__Assignment__
Could you transcribe the entries below exactly, starting at the line that contains "Wanaka Rental Home" and stopping at the last line, without any pictures?

__Source data__
****************

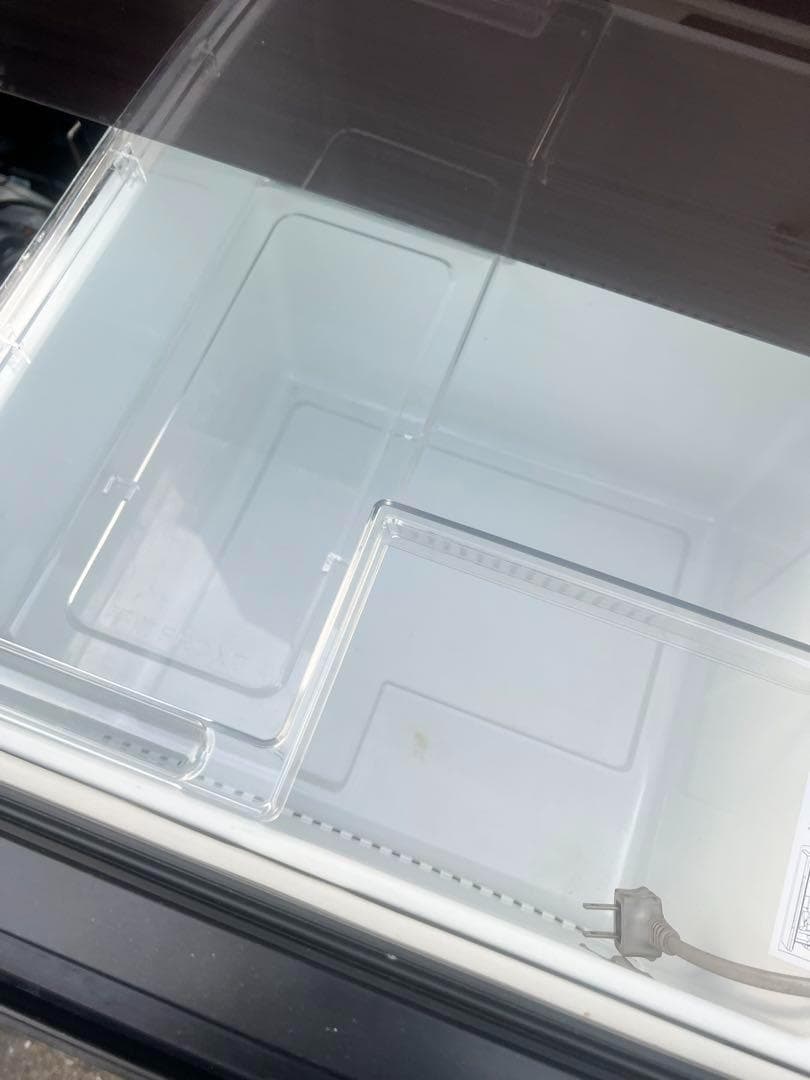 【4/3迄】2020年製 Hisense HR-G2801BR 冷蔵庫 282L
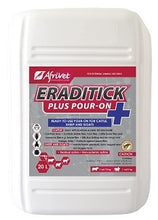 ERADITICK PLUS POUR-ON 20L AFRIVET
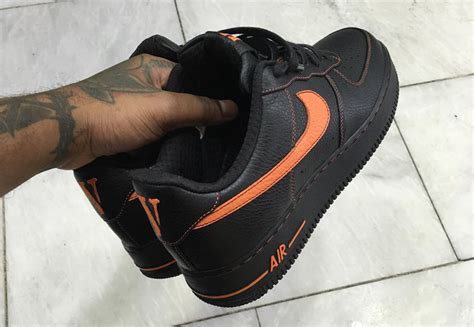 nike air force 1 vlone replica|vlone af1 price.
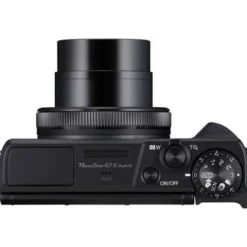 Canon Powershot G7X III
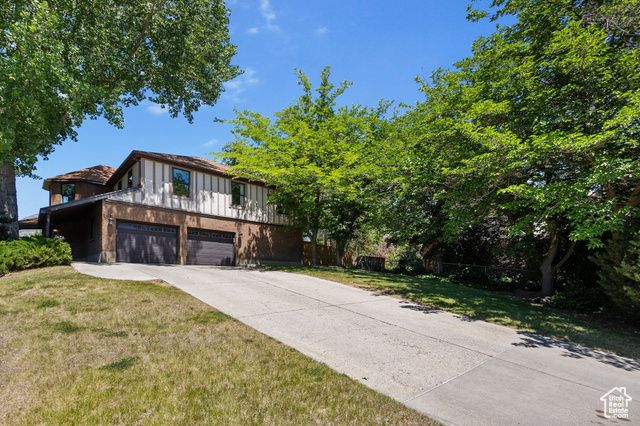 2673 E TONI CIR, Cottonwood Heights, UT 84121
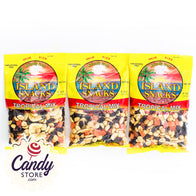 Tropical Mix Island Snacks - 6ct Bags CandyStore.com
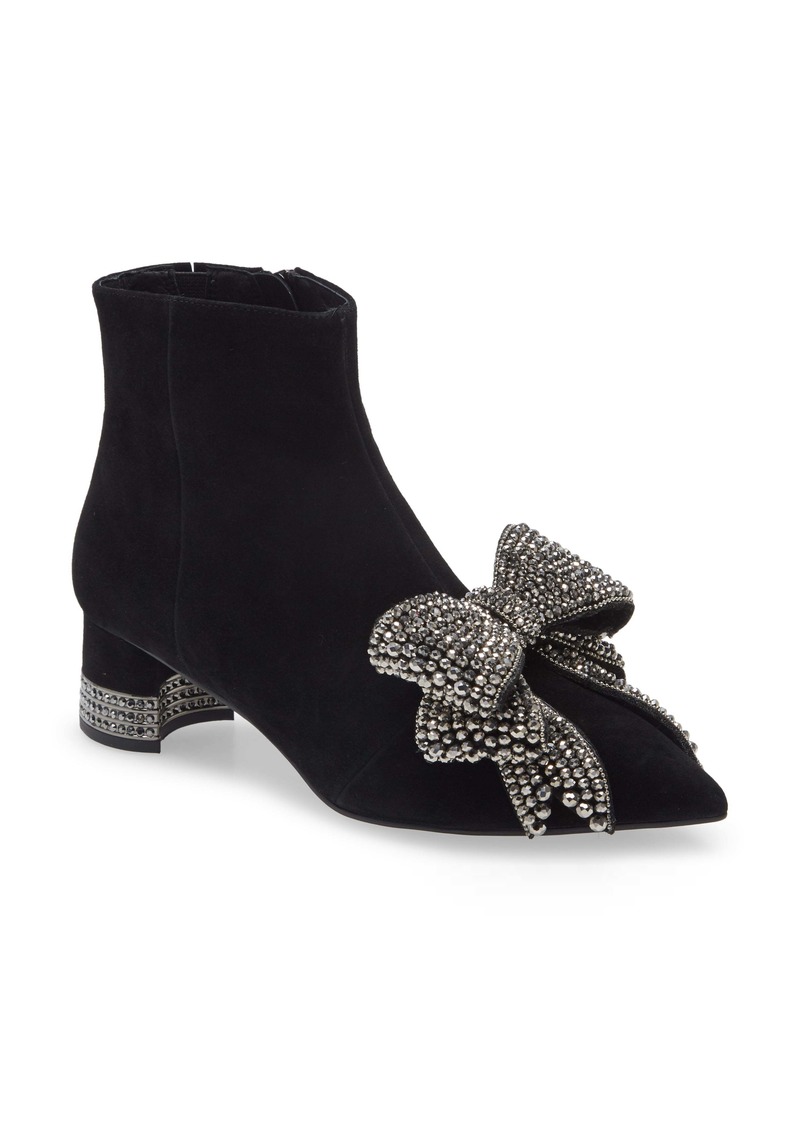 jeffrey campbell bow boots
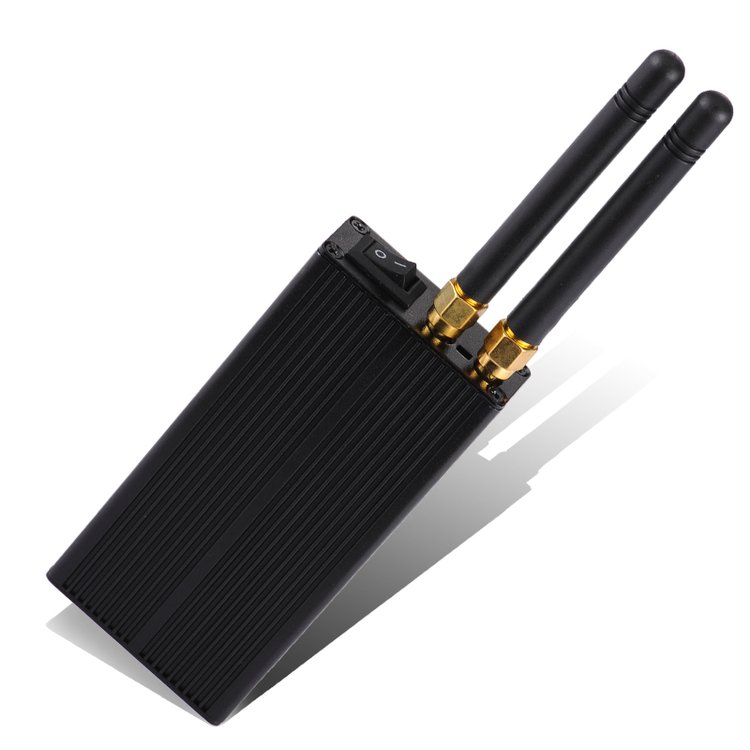  康巴什1.2G/1.5G导航屏蔽器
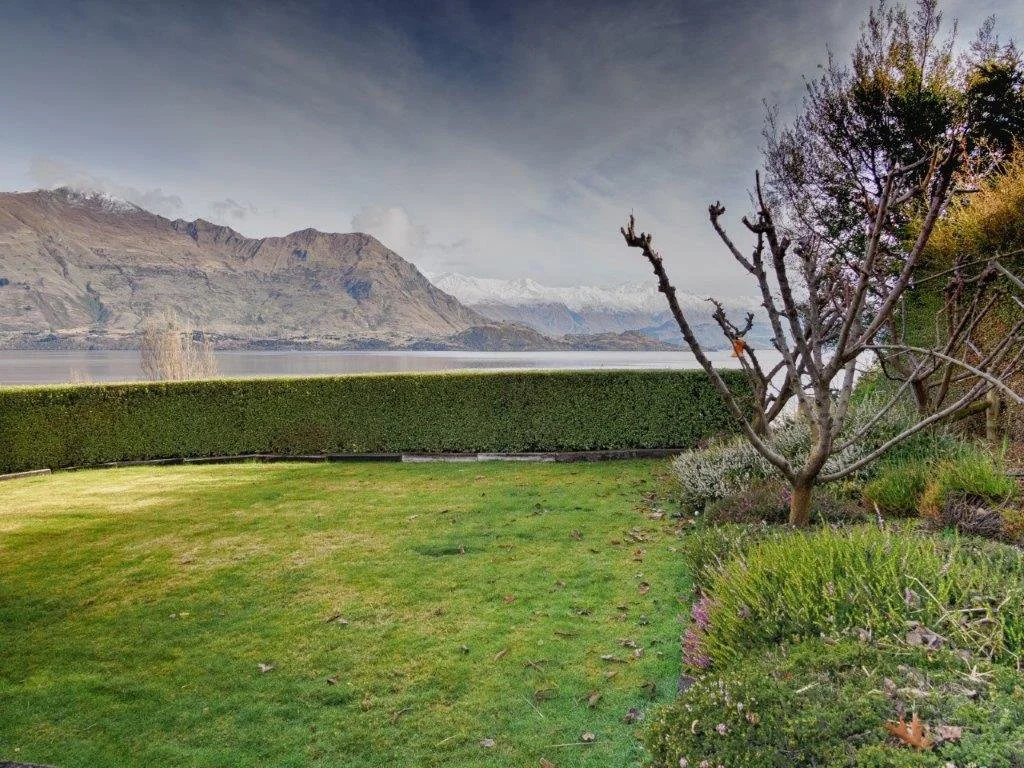 Wanaka Rental Home
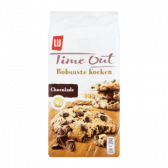 LU Time out chocolate biscuits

****************

__Response to this task__
 Wanaka Rental Home
 LU Time out chocolate biscuits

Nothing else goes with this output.